Let AI draft the card layouts
Hand-writing adaptive card JSON is fiddly — the schema is picky about element order and version support. I lean on AI for the first draft: describe the alert fields you have and the actions you want, and ask for valid Adaptive Card 1.5 JSON. It gets you 90% there, and you fix the last 10% against the real renderer.
A prompt I keep around: “Generate an Adaptive Card 1.5 JSON for a Prometheus alert with these labels and annotations, red header for critical, a FactSet of the key labels, and OpenUrl actions for runbook and dashboard.” There’s a growing set of Microsoft Teams prompts for exactly this kind of scaffolding, and the broader prompt library has more ChatOps patterns.

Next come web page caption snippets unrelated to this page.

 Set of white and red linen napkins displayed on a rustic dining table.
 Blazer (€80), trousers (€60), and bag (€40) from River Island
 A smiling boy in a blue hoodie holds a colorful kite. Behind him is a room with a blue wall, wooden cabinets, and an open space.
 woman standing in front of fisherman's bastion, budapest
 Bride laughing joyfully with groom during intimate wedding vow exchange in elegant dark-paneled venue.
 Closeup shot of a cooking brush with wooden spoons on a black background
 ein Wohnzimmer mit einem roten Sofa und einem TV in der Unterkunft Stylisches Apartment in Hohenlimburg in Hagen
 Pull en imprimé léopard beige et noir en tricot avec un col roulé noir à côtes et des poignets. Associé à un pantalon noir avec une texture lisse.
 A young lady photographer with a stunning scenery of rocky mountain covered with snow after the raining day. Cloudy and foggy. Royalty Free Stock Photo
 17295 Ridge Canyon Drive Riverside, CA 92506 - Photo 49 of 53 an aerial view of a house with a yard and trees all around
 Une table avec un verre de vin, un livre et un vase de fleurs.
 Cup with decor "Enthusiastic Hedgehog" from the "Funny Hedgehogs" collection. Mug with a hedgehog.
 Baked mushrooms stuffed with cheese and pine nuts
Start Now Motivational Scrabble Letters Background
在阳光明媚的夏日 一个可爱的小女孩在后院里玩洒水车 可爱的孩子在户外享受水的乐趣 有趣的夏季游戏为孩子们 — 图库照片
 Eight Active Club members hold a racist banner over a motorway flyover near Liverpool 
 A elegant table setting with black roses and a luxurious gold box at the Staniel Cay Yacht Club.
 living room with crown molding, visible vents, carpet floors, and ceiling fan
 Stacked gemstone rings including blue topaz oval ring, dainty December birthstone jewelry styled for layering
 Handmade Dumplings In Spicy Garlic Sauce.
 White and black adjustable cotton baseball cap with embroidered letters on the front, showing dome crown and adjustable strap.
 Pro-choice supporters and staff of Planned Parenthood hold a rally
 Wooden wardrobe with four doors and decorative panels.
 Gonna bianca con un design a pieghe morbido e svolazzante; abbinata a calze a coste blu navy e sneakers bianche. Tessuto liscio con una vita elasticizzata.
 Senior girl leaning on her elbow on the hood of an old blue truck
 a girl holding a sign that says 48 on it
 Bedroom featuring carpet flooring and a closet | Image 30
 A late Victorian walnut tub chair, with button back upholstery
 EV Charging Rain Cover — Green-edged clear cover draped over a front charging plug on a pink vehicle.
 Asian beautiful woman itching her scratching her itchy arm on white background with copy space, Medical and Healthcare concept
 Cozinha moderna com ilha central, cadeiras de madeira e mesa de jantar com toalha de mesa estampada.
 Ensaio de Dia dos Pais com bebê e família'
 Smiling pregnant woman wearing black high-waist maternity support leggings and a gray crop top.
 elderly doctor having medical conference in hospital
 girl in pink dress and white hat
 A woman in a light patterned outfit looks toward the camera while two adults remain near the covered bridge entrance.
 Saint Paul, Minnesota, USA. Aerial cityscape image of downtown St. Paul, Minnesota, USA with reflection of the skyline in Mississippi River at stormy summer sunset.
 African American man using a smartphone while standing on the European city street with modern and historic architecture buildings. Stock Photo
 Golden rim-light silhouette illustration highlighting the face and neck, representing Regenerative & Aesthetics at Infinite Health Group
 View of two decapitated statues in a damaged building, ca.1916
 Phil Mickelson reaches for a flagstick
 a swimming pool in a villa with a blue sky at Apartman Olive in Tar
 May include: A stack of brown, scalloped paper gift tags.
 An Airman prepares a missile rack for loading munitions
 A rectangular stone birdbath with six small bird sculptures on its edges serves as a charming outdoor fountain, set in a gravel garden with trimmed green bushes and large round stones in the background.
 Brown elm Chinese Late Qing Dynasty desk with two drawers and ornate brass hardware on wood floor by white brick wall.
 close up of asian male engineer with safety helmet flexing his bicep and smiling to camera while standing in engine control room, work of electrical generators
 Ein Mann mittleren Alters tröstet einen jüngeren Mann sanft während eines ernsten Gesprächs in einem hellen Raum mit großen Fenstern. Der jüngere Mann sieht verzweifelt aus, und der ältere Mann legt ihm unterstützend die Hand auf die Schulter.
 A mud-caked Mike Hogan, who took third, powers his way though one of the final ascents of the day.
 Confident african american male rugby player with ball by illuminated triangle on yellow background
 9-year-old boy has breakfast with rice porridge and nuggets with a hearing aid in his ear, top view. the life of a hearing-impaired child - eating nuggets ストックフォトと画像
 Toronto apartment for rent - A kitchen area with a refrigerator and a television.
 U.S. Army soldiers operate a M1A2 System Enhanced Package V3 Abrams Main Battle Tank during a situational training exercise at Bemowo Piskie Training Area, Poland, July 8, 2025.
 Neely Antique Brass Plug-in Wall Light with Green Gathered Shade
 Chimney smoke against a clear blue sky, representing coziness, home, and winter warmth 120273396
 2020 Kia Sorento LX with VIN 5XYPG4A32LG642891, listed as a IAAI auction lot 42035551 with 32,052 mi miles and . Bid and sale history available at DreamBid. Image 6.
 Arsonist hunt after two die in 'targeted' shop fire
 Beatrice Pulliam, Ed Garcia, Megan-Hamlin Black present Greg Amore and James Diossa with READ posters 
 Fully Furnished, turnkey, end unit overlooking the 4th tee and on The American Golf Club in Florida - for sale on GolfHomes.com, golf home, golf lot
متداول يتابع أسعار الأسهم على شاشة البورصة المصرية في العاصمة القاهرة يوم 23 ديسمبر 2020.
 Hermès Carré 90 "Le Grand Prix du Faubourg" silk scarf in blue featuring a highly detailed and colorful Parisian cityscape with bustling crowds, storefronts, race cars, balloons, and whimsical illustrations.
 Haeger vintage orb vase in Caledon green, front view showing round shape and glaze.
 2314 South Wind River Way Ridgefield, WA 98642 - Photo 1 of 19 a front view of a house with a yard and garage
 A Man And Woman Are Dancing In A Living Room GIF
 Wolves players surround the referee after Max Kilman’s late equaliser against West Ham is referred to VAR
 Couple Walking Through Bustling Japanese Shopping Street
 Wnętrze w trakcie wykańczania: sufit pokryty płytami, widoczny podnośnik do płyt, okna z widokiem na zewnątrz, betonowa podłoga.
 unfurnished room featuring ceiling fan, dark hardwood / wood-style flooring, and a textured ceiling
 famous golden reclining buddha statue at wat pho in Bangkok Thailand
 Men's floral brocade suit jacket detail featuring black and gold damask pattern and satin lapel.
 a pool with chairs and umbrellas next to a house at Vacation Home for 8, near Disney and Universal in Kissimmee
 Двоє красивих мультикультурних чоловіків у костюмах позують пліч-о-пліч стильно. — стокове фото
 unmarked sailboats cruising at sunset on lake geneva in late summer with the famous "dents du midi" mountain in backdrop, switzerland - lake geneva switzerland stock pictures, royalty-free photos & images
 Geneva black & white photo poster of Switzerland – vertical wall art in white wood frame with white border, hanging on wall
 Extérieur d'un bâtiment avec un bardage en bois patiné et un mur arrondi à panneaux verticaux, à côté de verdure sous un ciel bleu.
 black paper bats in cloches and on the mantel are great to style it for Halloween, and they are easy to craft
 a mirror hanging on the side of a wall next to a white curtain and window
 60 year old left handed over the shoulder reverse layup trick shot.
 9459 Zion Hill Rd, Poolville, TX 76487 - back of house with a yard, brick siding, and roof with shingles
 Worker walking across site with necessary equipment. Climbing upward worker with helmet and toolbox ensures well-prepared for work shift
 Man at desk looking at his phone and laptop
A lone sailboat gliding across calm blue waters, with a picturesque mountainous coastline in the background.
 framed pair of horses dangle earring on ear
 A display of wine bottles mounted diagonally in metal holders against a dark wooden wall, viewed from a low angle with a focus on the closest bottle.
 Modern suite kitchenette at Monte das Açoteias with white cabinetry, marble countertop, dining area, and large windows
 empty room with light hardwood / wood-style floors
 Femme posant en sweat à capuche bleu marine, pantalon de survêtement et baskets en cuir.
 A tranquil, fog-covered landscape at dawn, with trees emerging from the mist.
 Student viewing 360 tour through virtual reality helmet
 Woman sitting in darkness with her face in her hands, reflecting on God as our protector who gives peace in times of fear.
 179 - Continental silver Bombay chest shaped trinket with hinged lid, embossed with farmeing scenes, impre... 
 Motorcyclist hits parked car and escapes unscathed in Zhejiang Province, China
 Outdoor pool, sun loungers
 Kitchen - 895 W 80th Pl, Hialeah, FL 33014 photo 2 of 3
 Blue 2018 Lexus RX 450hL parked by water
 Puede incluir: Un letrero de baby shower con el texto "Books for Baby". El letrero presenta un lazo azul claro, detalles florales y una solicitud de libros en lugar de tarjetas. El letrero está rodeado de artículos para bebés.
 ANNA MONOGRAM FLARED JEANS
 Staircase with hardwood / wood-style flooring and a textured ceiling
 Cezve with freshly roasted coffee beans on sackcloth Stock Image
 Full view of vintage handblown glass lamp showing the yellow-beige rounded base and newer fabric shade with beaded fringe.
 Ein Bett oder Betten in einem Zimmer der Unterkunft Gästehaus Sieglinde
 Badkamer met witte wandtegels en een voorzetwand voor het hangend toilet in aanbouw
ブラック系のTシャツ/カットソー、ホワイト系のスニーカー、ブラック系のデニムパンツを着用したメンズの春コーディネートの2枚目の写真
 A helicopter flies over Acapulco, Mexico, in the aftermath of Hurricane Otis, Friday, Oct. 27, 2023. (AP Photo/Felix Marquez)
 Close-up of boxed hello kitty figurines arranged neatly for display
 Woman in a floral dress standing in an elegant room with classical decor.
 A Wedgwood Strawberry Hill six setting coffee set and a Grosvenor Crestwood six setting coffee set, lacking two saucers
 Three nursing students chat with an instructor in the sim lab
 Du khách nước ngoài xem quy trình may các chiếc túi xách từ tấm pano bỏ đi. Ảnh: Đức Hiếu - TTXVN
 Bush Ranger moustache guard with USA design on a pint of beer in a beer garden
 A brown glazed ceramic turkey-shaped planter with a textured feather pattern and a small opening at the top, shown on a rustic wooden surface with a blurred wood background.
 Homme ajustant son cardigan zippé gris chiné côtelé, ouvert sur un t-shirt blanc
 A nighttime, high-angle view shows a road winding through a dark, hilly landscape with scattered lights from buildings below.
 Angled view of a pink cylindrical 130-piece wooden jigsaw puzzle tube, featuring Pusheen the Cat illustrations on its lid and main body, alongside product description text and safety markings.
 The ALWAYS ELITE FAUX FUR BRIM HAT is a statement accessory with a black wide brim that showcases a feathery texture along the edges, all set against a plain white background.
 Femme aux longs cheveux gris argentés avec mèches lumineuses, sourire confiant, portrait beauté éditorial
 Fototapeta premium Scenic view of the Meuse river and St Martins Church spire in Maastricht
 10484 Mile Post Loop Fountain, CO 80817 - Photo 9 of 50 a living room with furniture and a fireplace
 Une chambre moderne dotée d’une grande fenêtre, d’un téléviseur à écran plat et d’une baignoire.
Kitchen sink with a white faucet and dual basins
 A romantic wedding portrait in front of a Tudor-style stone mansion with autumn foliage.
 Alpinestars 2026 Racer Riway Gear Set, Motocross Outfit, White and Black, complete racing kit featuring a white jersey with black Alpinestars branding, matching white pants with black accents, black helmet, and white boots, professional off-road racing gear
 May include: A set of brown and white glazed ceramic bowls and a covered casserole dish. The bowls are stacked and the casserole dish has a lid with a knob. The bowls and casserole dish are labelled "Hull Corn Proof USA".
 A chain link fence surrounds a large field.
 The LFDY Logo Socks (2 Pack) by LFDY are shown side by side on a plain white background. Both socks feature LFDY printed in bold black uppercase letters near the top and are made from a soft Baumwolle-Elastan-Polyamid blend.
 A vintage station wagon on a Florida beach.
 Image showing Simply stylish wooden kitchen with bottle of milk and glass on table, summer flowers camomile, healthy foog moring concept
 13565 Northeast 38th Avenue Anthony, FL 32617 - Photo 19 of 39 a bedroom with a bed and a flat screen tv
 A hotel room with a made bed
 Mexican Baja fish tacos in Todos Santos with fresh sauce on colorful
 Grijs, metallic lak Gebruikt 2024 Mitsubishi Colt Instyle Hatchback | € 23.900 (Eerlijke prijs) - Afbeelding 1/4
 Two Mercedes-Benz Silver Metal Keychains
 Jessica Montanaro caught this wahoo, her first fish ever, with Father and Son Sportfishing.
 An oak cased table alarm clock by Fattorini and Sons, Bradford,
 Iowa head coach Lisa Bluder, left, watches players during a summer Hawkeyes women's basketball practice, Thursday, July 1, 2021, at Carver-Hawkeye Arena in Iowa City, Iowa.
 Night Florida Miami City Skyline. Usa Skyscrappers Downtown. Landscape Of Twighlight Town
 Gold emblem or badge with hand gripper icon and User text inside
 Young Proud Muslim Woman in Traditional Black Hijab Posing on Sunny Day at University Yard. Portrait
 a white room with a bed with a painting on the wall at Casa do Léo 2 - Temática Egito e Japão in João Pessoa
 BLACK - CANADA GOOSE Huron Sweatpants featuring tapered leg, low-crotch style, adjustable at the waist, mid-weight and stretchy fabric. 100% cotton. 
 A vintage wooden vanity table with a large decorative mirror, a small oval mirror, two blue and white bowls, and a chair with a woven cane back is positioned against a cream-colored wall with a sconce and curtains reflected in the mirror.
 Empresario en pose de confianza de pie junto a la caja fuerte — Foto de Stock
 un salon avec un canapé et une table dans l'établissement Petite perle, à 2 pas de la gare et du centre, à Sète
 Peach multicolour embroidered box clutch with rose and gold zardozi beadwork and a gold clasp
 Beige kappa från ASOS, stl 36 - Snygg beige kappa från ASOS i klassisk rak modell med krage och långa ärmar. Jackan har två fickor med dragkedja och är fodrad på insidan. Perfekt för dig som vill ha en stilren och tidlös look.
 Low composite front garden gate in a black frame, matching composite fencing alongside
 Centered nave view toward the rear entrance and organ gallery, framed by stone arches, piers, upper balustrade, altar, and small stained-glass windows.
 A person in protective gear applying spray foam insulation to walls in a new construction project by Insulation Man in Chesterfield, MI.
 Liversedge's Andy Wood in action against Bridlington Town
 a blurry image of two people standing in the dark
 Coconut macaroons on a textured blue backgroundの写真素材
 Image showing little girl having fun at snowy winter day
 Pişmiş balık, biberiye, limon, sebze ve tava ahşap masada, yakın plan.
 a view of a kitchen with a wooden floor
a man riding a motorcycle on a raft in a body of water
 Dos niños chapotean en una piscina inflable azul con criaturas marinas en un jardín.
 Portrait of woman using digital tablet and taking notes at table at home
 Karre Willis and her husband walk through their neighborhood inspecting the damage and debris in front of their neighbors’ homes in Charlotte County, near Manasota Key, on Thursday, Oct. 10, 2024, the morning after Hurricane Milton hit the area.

Test cards before you ship them
Don’t iterate by spamming your channel. Microsoft’s Adaptive Cards Designer (adaptivecards.io/designer) renders cards live and shows schema errors. Paste your JSON, confirm it renders, then wire it up. I’ve saved hours by validating layout there instead of redeploying a receiver to see a typo.
What good looks like
After the switch, my alert channels went from muted-by-everyone to genuinely useful. The pattern that works:
- Color-coded severity so triage starts before anyone reads a word.
- Inline context — runbook and dashboard links on every card.
- Grouped summaries instead of per-instance floods.
- One-click actions so acknowledging doesn’t mean alt-tabbing.
Start with the critical alerts only — the ones that page someone. Get those into clean cards, prove the value, and expand from there. A channel people actually read is worth far more than complete coverage nobody looks at.
Adaptive card layouts and generated JSON are assistive. Validate against the official renderer and your Teams client version before relying on them in production.